In the 1950s and 1960s, women who were involved in the civil rights movement talked to each other about their experiences of discrimination, domestic violence, and sexual assault. These women realized more and more that what they were experiencing as individuals was actually something women were experiencing collectively in the United States and throughout the world. Women talking about their individual experiences became known as consciousness raising and the cornerstone of the second wave feminist movement.
It was this consciousness raising that led a small group of women in Pacific Grove, California to organize in 1973. These women were outraged by the treatment of survivors by the systems meant to support them and, in response, they created the first helpline in Monterey County and the Monterey Rape Crisis Center was established. In addition to working, full-time parenting, and their other community activism commitments, they took days- long shifts on the helpline to ensure survivors were supported anytime of the day or night.
50 years later, we are the continuation of that legacy started by a small group of women sitting next to a landline who wanted to change the world. It is because of those women that thousands of survivors have received the help and care they deserve in the aftermath of a sexual assault.
On May 6 at MCRCC's Together with Love Dinner, we celebrated and honored those women’s vision of a future in which survivors are supported and sexual violence is eradicated from our society, their commitment to that vision, and the tenacity and perseverance to see it though.
We also honored our own vision, commitment, tenacity, and perseverance.
For half a century MCRCC has been providing ongoing advocacy, support and healing to victims and survivors of sexual assault, human trafficking and child abuse; and preventing sexual violence in our community through education. It has been possible to make progress on that mission because of each one of you - staff, volunteers, board members, donors, community partners, medical providers, attorneys and prosecutors, public servants, politicians, educators, therapists, healers, artists, business owners, bankers, realtors, journalists. It is through our collective efforts that MCRCC is a stable, longstanding organization in our community.
Though this effort is a collective one, no one has put in more time, intention, or skill into it than its Executive Director of 34 years Clare Mounteer.
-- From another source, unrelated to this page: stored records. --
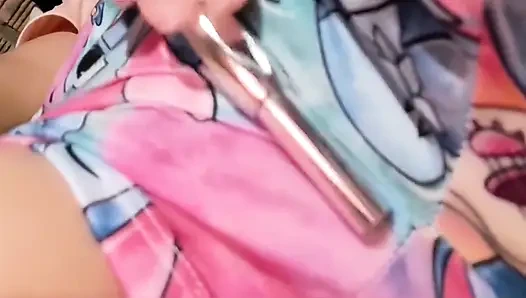 Nanny masturbiert und zeigt ihre nassen tangas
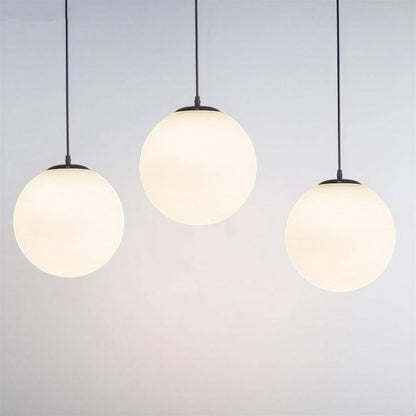 Lampa wisząca z okrągłym kloszem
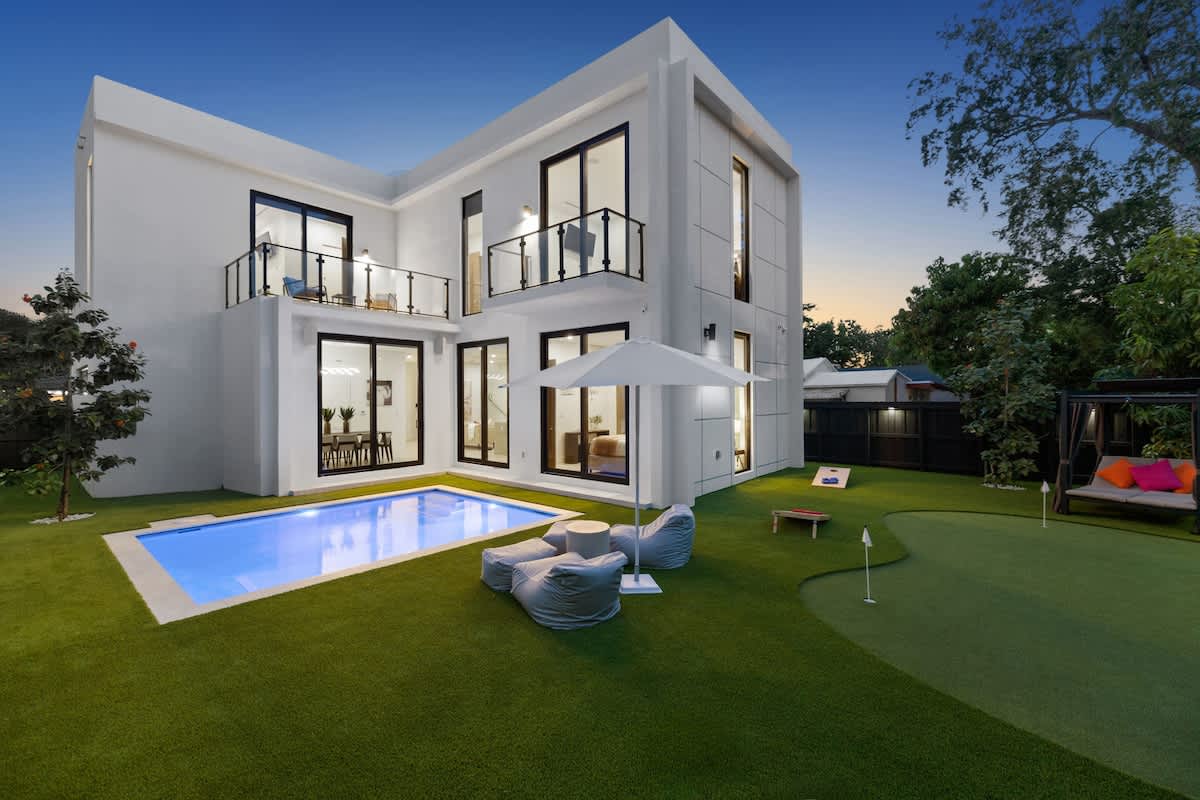 Pro Gym • Luxe Design • Putting Green • 3 Kings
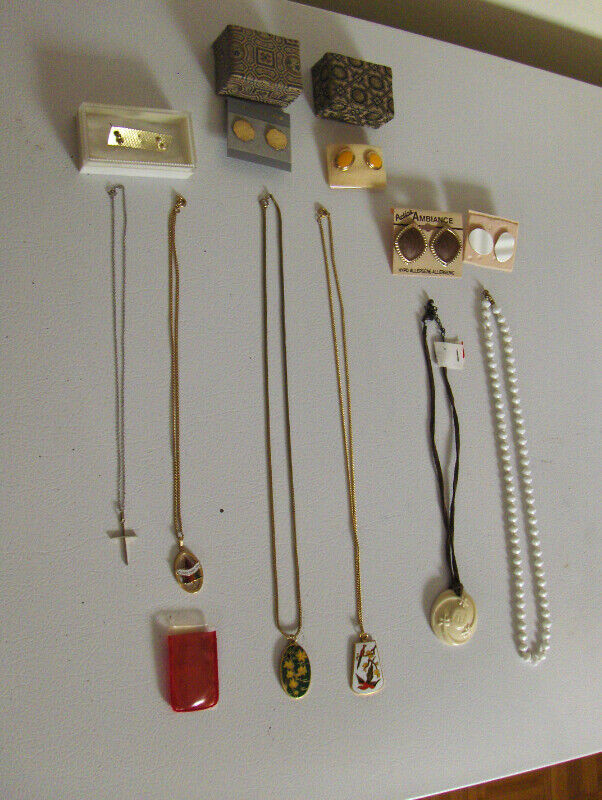 Bijoux montre bague collier boucle d’oreilles broche pendentif in Jewellery & Watches in Longueuil / South Shore - Image 2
Clare built MCRCC up from a small grassroots organization with a very small budget to the medium sized nonprofit it is today with four programmatic areas, 23 staff, and a multi-million dollar annual budget. Clare did all that building while she supported survivors on the helpline, at sexual assault foresnic exams at the hospitals, and in establishing programs, partnerships, and policies that support survivors wherever needed in our community.
Clare is my forever boss, my mentor, and my friend who models what our movement strives for - consistency, kindness, strength, and humor.
I want to say thank you to MCRCC staff, volunteers, and board members. There are lots of ways to make a positive difference but you choose to do it here at MCRCC. Taking helpline calls and finding to a private spot to take the call in the middle of a first date, the middle of the night, during a wedding speech; or rushing to the hospital or police department to meet a survivor despite floods, sleet, or hail is the most serious kind of commitment you can have to a job or volunteer position. It is through your commitment that we are able to push the movement to end sexual violence forward.
Your presence in some of the most difficult moments of a survivor's life lets them know that our community is outraged at what has happened to them and they are not alone.
The next 50 years of MCRCC will be making sure that every survivor in Monterey county regardless of where they live or the language they speak can easily access MCRCC’s services. And in 100 years there will be no sexual violence in our community!
Thank you, as always, for your continued support.